C&C welcome, as always.

Saturday, January 25, 2014

Stuff of Legends - Dice Rolling Mechanics

I've probably should've started with this post, on some level. The dice rolling mechanics are usually one of the first things mentioned about any RPG in its back, from my experience.
Well, better late than never.

I'll start off with what I hear relatively frequently - rolling dice is meant for interesting actions. To define an interesting action: any action in which failure will produce a result with consequences for the characters. For the matter, let us take a door. Many things can be done with a door, but only certain things warrant a roll. If it is locked and between the characters and something they want, a roll would make sense. If there's nothing that the characters would actively want on the other side, no roll and probably no lock are needed. In another instance, the door is unlocked but there someone on the other side who wants to open it and it swings to his direction. If the characters wish to avoid allowing him to open the door, they're gonna want to grab that door handle and quick. This would definitely warrant a roll, since the order of who gets to the handle first is important.
Short and simple, as I opened with: if failure has consequences, a roll would make sense.
The second thing to address is additional attempts after a failure. The characters are assumed ambitious yet competent, and with that competence comes a certain awareness of when you fail and why. With that assumption in mind, a character that has failed a roll has no reason to believe that any additional attempts at his current skill level will yield different results. So, a failed roll cannot be reattempted by that same character until he has gained a rank in the relevant skill.

The Dice
In Stuff of Legends, the only dice that are used are six-sided ones, henceforth d6(s).  It is recommended that you have an amount of d6s in the double digits at the table, and at least 4 per player, including the judge. It is recommended that you have 3-4 green dice and 3-4 red dice, as they serve as advantage and disadvantage dice.
The advantage dice are added to the ones the player would normally roll and after the roll the player removes dice until he is left with the amount he would have rolled with the advantage dice. This allows a greater freedom in results and increases chances for doubles or more by a large percentage.
The disadvantage dice are similar to advantage dice, but are different in one way: instead of removing any dice they choose, the player instead removes the lowest dice until he is left with his normal amount. This doesn't guarantee an increased failure chance, but it takes a lot of freedom from the player.

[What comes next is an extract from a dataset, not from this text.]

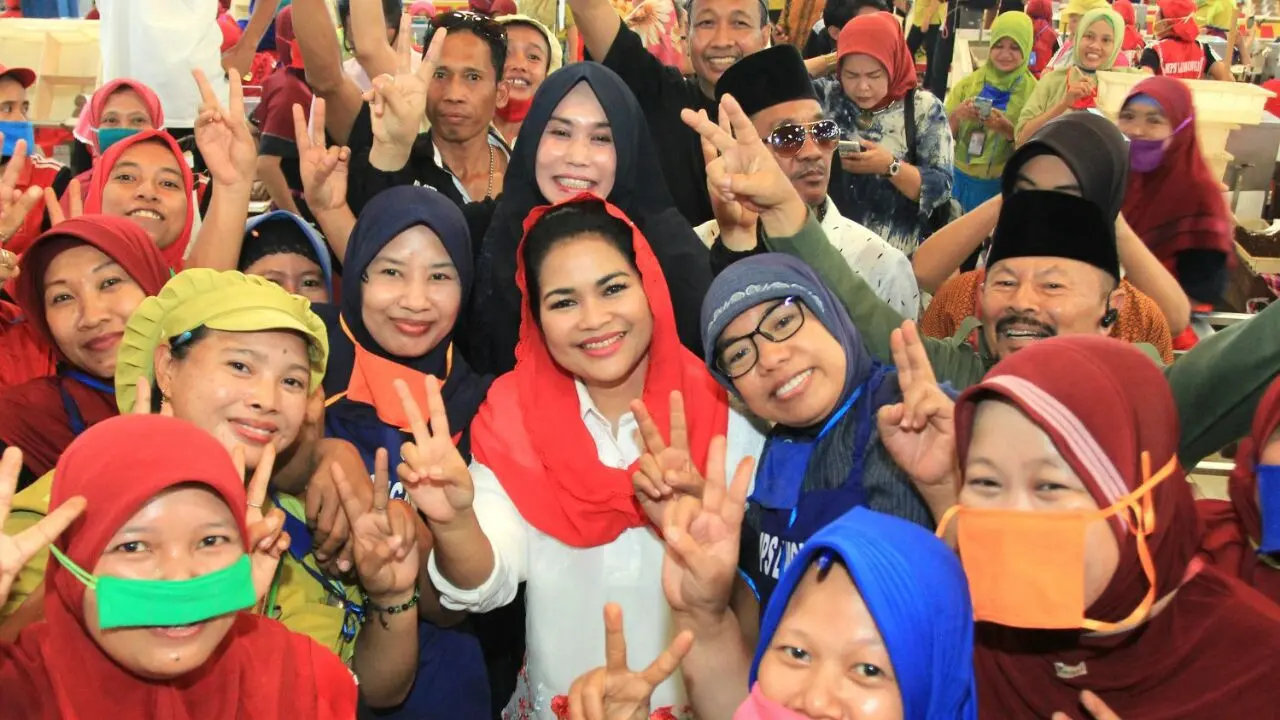 Calon Wakil Gubernur Jawa Timur Puti Guntur Soekarno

There are 3 types of rolls in Stuff of Legends, corresponding to different situations: skill rolls, reaction rolls and contests.

Skill Rolls
The basic type of roll the players will make is a skill roll. They take their own skill rank and match it against the skill opposition. If their own rank is above the opposition, they have some flexibility in the amount of dice they roll. If their own rank is under the opposition, they must roll as many dice as the opposition.
Example: an archer aims her bow at a monster. The archer's Ranged skill is at rank 3 and the monster's Reflexes and Acrobatics are both at rank 2. The archer may choose to roll as few as 2 dice or as many as 3. In another case, a different monster has Reflexes and Acrobatics at rank 4, forcing the archer to roll 4 dice, despite only having a rank 3 Ranged Skill.

Reaction Rolls
In many cases, after an opposing party has made a skill roll, a reaction roll may be done. Reaction rolls are used when defending, for instance. After a skill roll was successful, the judge will usually ask if the target of the skill roll is interested in reacting. When reacting, the skill roll result acts as a type of minimum threshold: the reacting party tries to roll under their own threshold, but above the opposing skill roll result.
If the skill roll result is above the reacting party's threshold, no reaction can be made.
Example: the archer from before has hit her target with the rank 2 skills. The monster, attempting to avoid the arrow, reacts with its Acrobatics. The archer's Ranged result was 12 and the monster's Threshold is 15. If the monster hopes to avoid the arrow, it can't roll less than 13 or more than 15. Had the archer hit with a result of 16, the monster would have had no hope of avoiding the attack.

Contests
Contests are relatively short rolling contests between two parties, each aiming for a certain goal before the other. Normally, the goal is the same, like racing to the end of the street, climbing the cliff face first or reaching for a certain door handle before someone else.
In contests, the rolls are made differently than in skill and reaction rolls. First and foremost, contests have a predefined length, measured in victories, and predefined round ending conditions, measured in margin of loss. Both are predefined in advance of each contest by the judge.
The length, or victories, is how many times one party needs to win against the other. Winning can be achieved in two ways - either your succeed in a contest round and the other party does not or the other party's margin of loss is too big. A length of 1 or 2 is common, while 3 or more are exceptional.
The margin of loss is how many success ties can be had. If both parties succeed, the one with the lower result takes a disadvantage on their next roll. The margin of loss is how many disadvantages may be taken before the round is over. If the round is over by having too many disadvantages, the other party wins. A margin of loss of 1 is very common, 2 relatively common and 3 or more extremely rare.
A contest with a length of 1 and a margin of loss of 1 is called a quick contest. All other contests are simply contests.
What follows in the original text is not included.